4.1 Role of IgE on mast and basophils responses.
Mast cells and basophils were identified in tissue and blood,
respectively, by Ehrlich almost 200 years ago, and their function was
anticipated during this period55 describes early
findings by Ehrlich). However, the functional relationship between these
cells was not described in detail until after the discovery of IgE.

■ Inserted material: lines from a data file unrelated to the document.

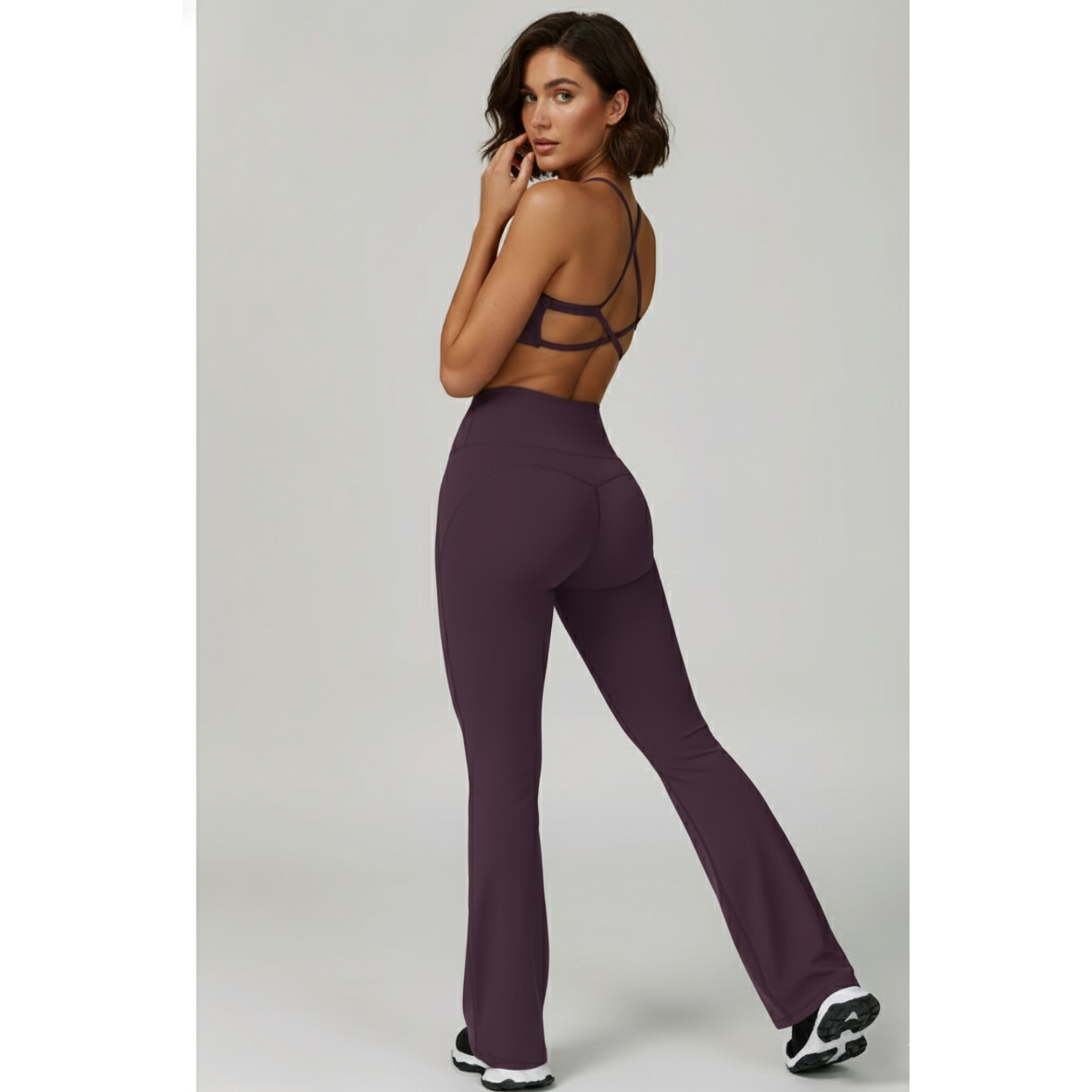 Stylish Xooie Fit criss cross back sports bra and flare pants set in a flattering design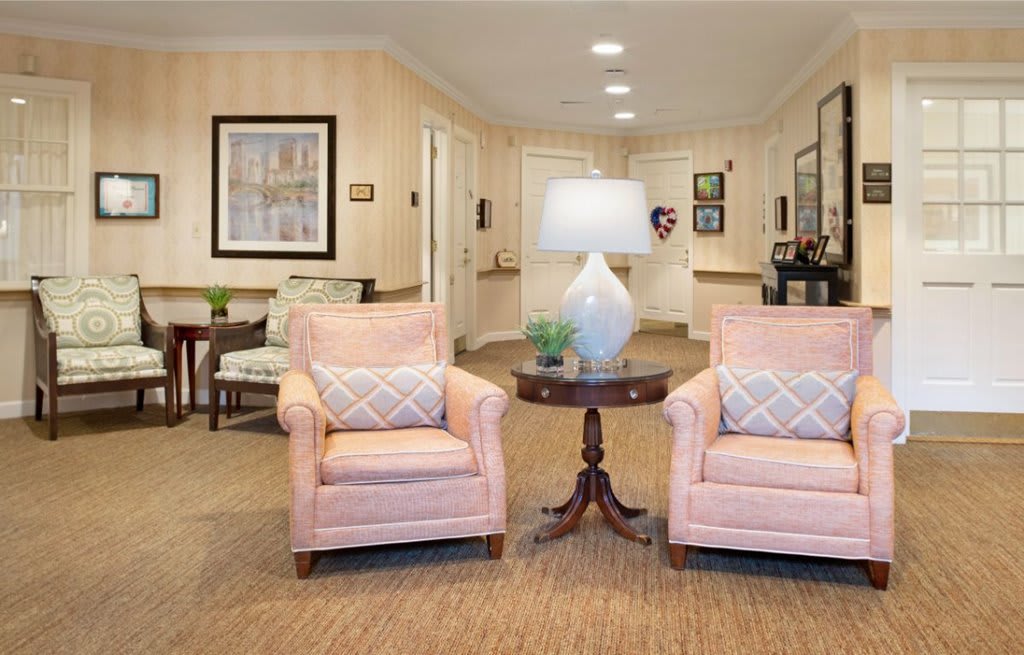 A cozy living room with comfortable seating and elegant decor.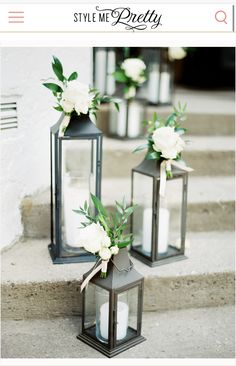 three black lanterns with white flowers and greenery sit on the steps next to each other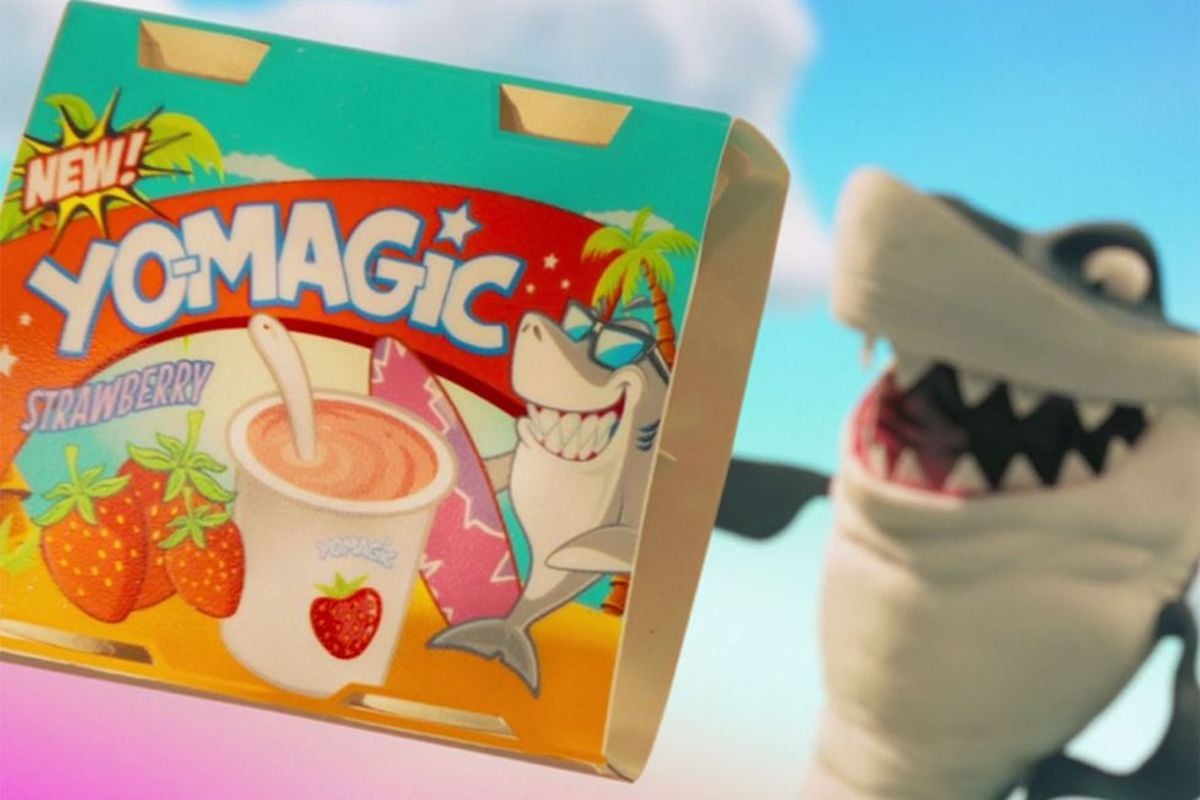 A cartoon shark smiles while holding a package of yogurt called 'Yo-Magic' in Marvel's 'WandaVision' on Disney+ | Disney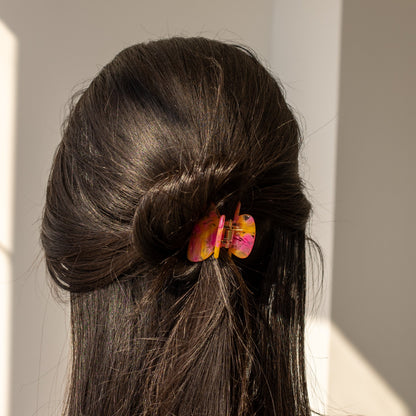 Bubblegum HAIR CLIP in pink and orange, worn holding a twisted bun on dark hair, back view in sunlight.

Follow-up experiments by T. and K. Ishizaka revealed that both cells
were activated through the high-affinity IgE receptor in the presence of
IgE. Allergen-induced cross-linking of IgE bound to FcεRIs on the
surface of mast cells or basophils induce aggregation of the receptor
and intracellular signalling events56 that leads to
Ca+-dependent release of preformed mediators and de novosynthesis and secretion of lipid mediators and cytokines (e.g. IL-4 and
IL-13)57,58 (Figure 2). The concentration of serum IgE
regulates the FcεRI surface expression on these effector cells, and this
feedback mechanism can reduce the allergen concentration needed for
activation59. Moreover, recent findings suggest that
IgE’s glycosylation (sialylation) may be critical for the activation of
mast cells in a mouse model of anaphylaxis based on
IgE60. The essential role of IgE cross-linking that
leads to activation of effector cells has obtained less attention but
was described in detail for basophils by Christensen et
al.61 and later similar observations were made for
mast cells62. These studies confirmed that the
concentration of allergen-specific IgE, IgE affinity and the ratio of
allergen-specific to total IgE are the governing factors for the
strength of effector cell release. The effect of specific to total IgE
ratio and the observation that one high-affinity IgE in a mixture
overrides the difference between high, medium, and low-affinity IgE may
explain why correlations between concentrations of allergen-specific IgE
and clinical symptoms has been difficult to
establish63. Detailed studies with model antigens
demonstrate that the spacing between the epitopes is
critical64 and the number as well as relative
positioning of IgE epitopes on allergens65,66 may also
be critical for the ability to cross-link the receptors, which adds to
the complexity of IgE-mediated effector cell activation.